_What to do:_
Type out the data exactly as given. Skip any image.

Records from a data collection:
□ □ □
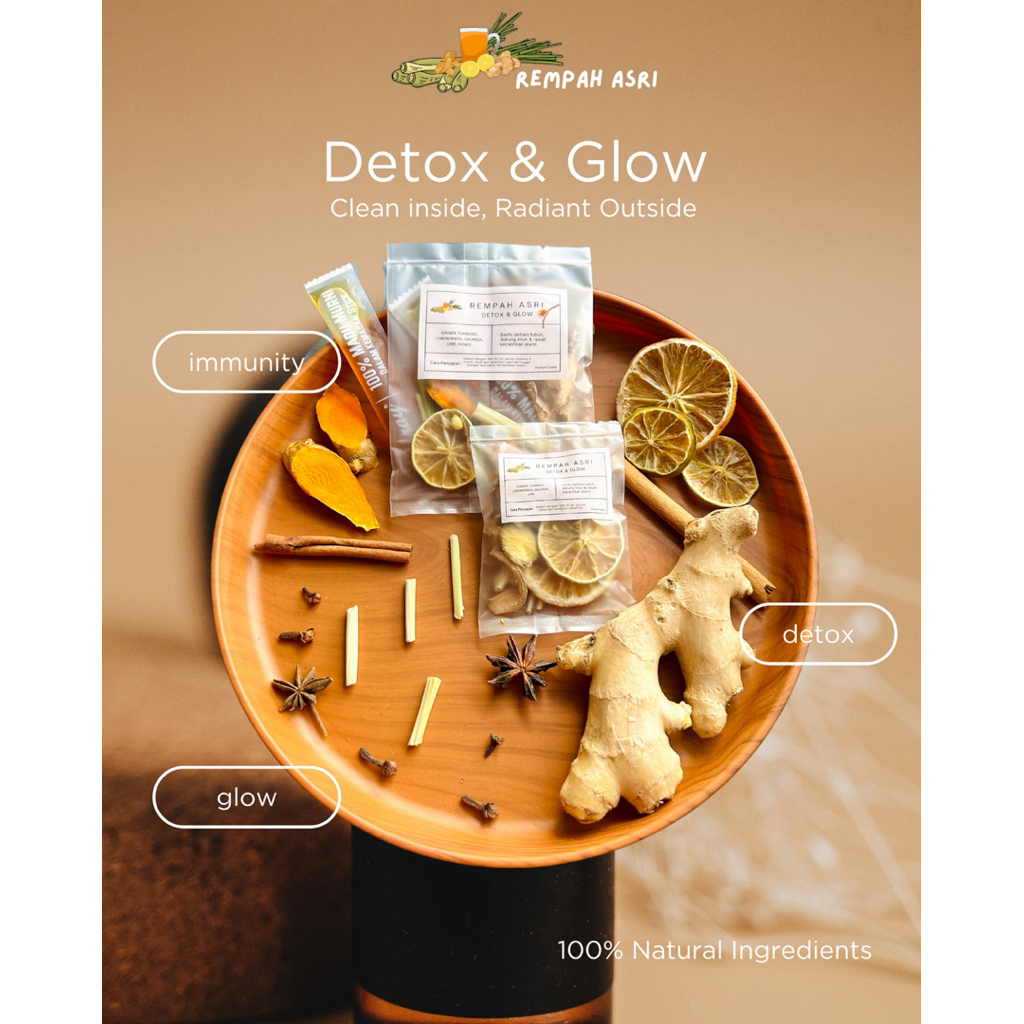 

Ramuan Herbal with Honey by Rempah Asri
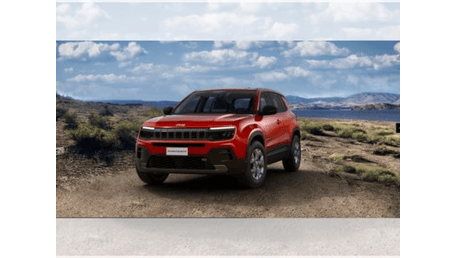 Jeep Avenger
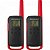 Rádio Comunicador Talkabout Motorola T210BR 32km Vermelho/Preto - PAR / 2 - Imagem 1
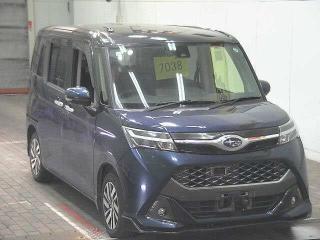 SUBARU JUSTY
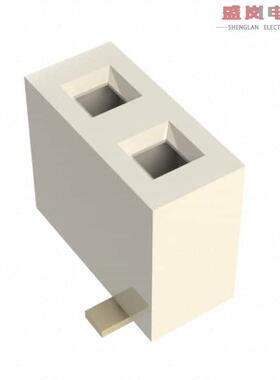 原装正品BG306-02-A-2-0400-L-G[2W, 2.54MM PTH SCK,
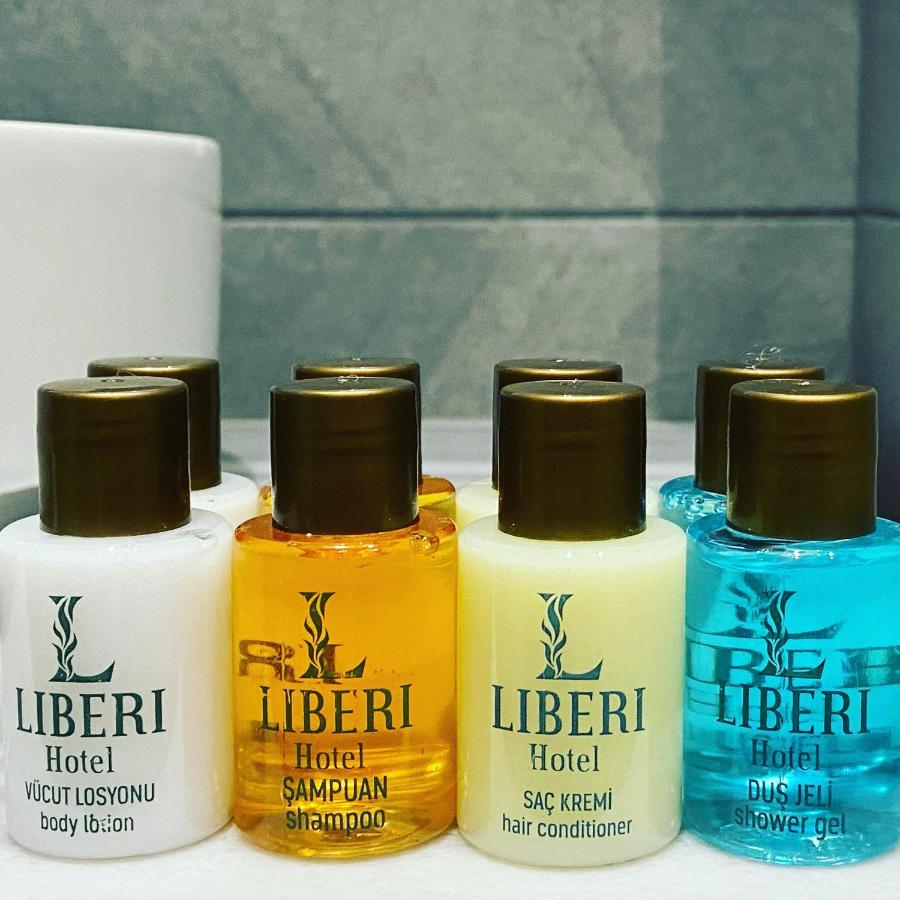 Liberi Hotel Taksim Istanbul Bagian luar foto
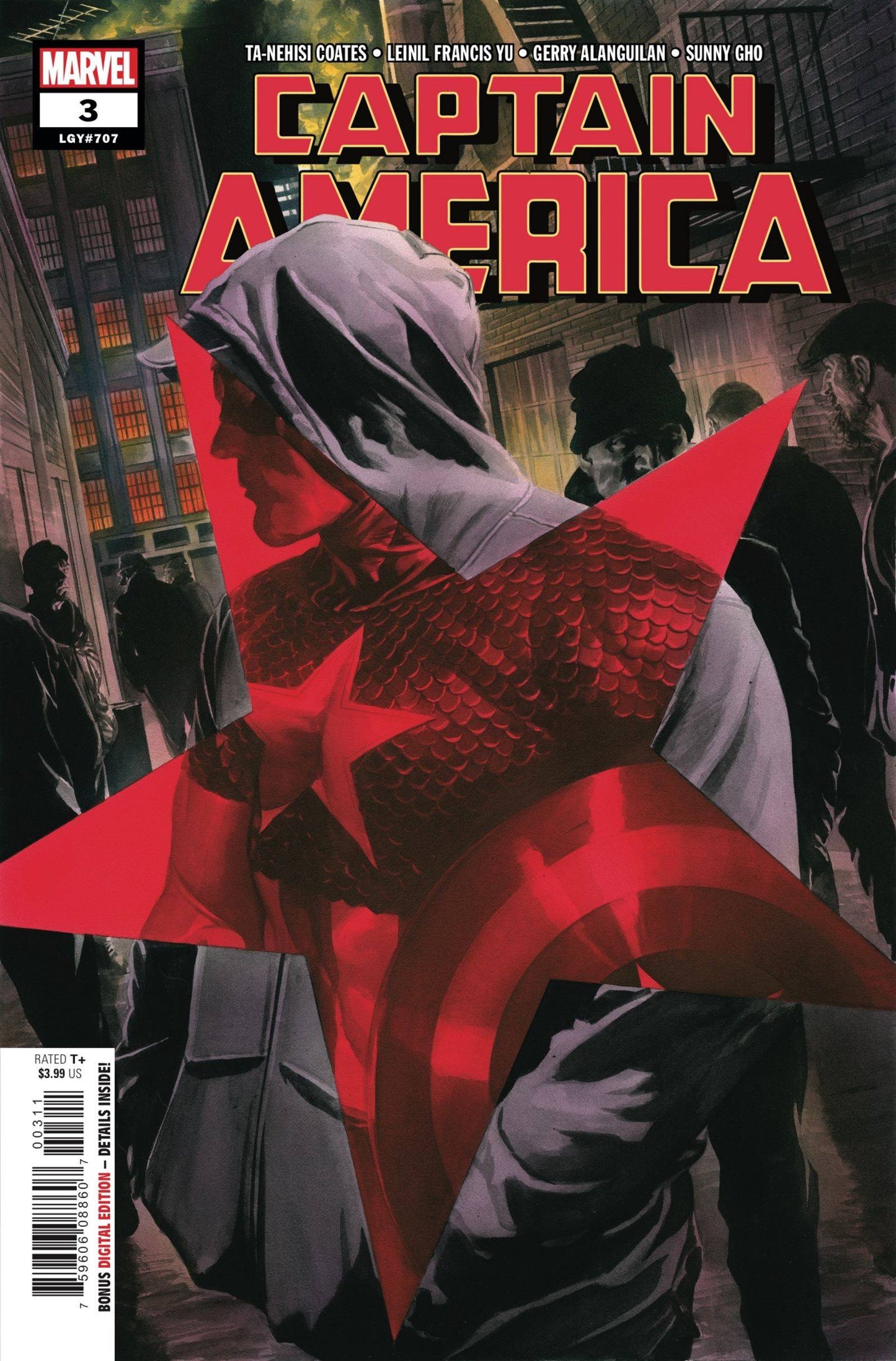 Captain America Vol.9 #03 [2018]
□ □ □
_Solved problem:_
Ramuan Herbal with Honey by Rempah Asri
 Jeep Avenger
 Rádio Comunicador Talkabout Motorola T210BR 32km Vermelho/Preto - PAR / 2 - Imagem 1
 SUBARU JUSTY
 原装正品BG306-02-A-2-0400-L-G[2W, 2.54MM PTH SCK,
 Liberi Hotel Taksim Istanbul Bagian luar foto
 Captain America Vol.9 #03 [2018]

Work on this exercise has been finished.